Fountain 48 Express Cruiser Page 2
Exclusive: Fountain 48 Express
Cruiser — By George L. Petrie —
|Part 2: Then Fountain leaned over and grinned, “Crank the wheel hard over.”|
Earlier in the day, I had witnessed the preliminary stages of Reggie Fountain’s latest assault on the world speed record for deep-V hulls (see “Speed King,” this story). Now, as he turned his full attention to the 48 Express, it was evident that he is just as committed to getting peak performance out of every boat that bears his name. As Fountain nosed our test boat into the Pamlico River, he pulled the engines back to idle. “Count with me,” he said, as he jammed all three throttles forward; by the time I ticked off five seconds, the hull had leaped onto plane, with virtually no bow rise. As engine rpm built, I grabbed the radar gun and recorded the first of several 62-mph-plus WOT readings, and Fountain tweaked the trim on the Arneson drives to squeeze out the last ounce of speed.
After I finished recording the last of our performance data, it was my turn to take the helm. Ripping a mile-a-minute trench down the middle of the river, I was impressed by how steadily the boat tracked. Then Fountain leaned over and grinned, “Crank the wheel hard over.” Against my instincts, I spun the wheel into an abrupt port turn, and the 48 just banked and obeyed like a show dog on a leash.

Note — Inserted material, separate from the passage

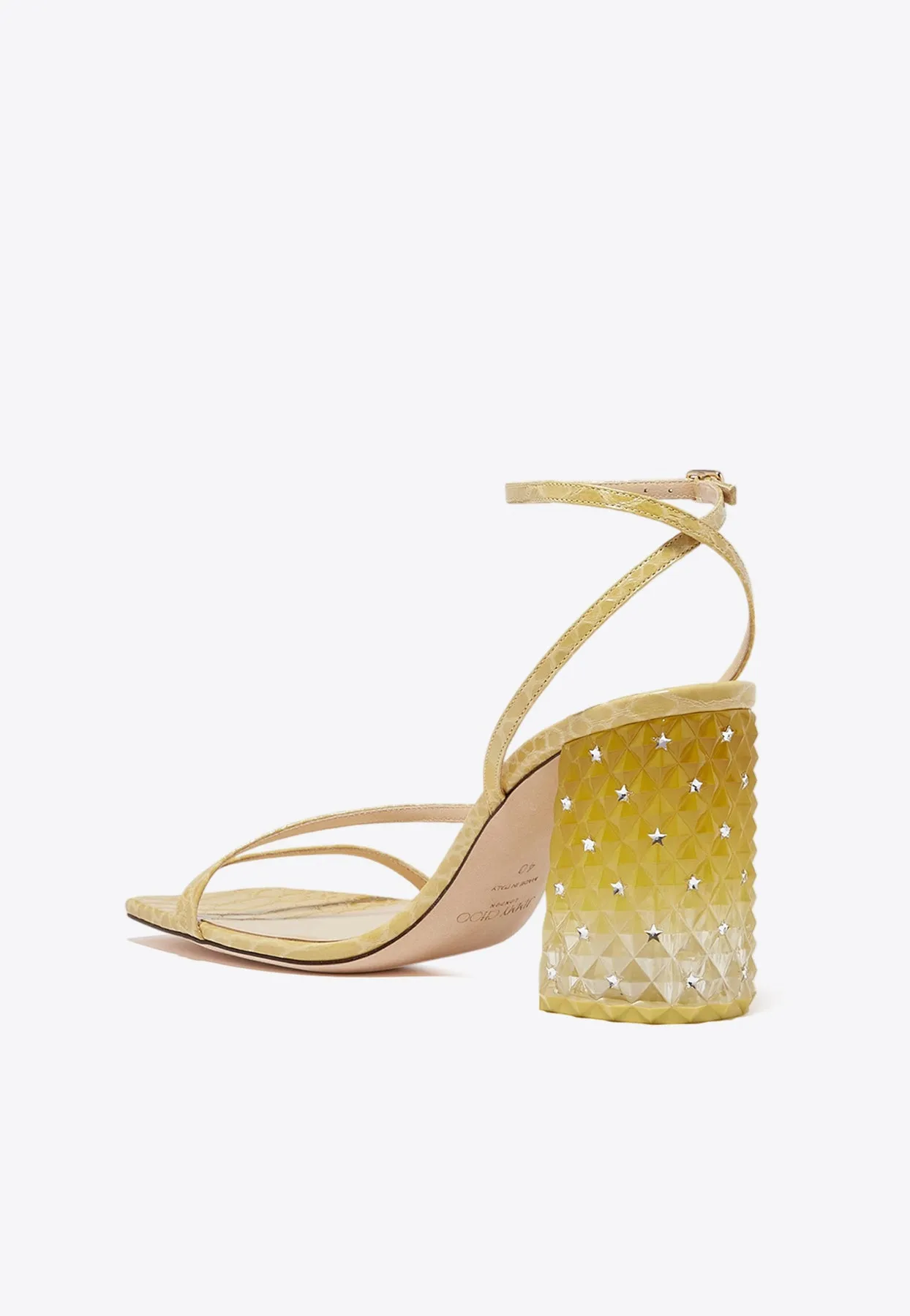 Art 85 Croc-Embossed Leather Sandals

Back the other way, hard, and again she followed. Even through tight figure eights at full throttle, she felt stable and controlled.

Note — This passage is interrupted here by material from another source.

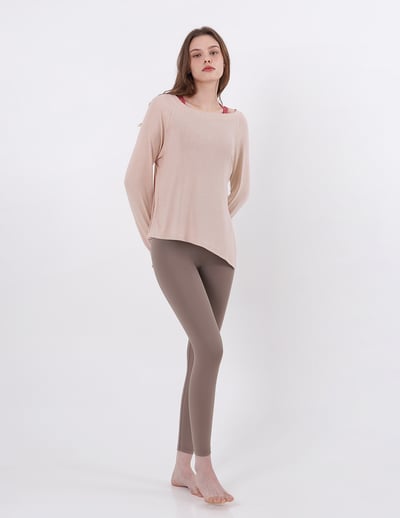 Conchwear Air Light 3D 瑜珈九分褲 摩卡色 CON001BRN3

I was anxious to see how the Arneson drives would handle in slow-speed maneuvers. I’ve often heard it said that surface drives aren’t well-suited for docking in tight spots, but the 48 Express put the lie to that myth. Because the outdrive turns (like an outboard motor), the boat backs straight or turns in any direction, using just the centerline drive. By working the two outboard drives in opposition (like any other twin-screw boat), the 48 will spin in her own length. With a little practice, you can even crab-walk her into a slip. And that’s without using the bow thruster.
Over a late lunch, Fountain enthusiastically shared some fine points of the 48’s hull design. The double-stepped running surface is the result of more than two years of prototype testing, determining the correct angle and stagger in each step to make the hull run with proper trim and balance. And the engines are placed two abreast in the hull, with the third mounted forward, again to achieve the right fore and aft balance (although I found access to the forward engine somewhat challenging).
To help boost the yacht onto plane quickly, tubes on the Arneson drive units ventilate the props at low rpm, letting the diesels spin up faster. Fountain even has a trick for mounting trim tabs, to get more leverage while reducing wetted surface drag: placing them horizontally across the transom instead of at an angle that parallels the bottom.
Race-bred refinements like the ones I found on the 48 Express should appeal to all who share a passion for performance. Yet with her comfortable accommodations and civilized demeanor, she’ll be welcome company in any crowd.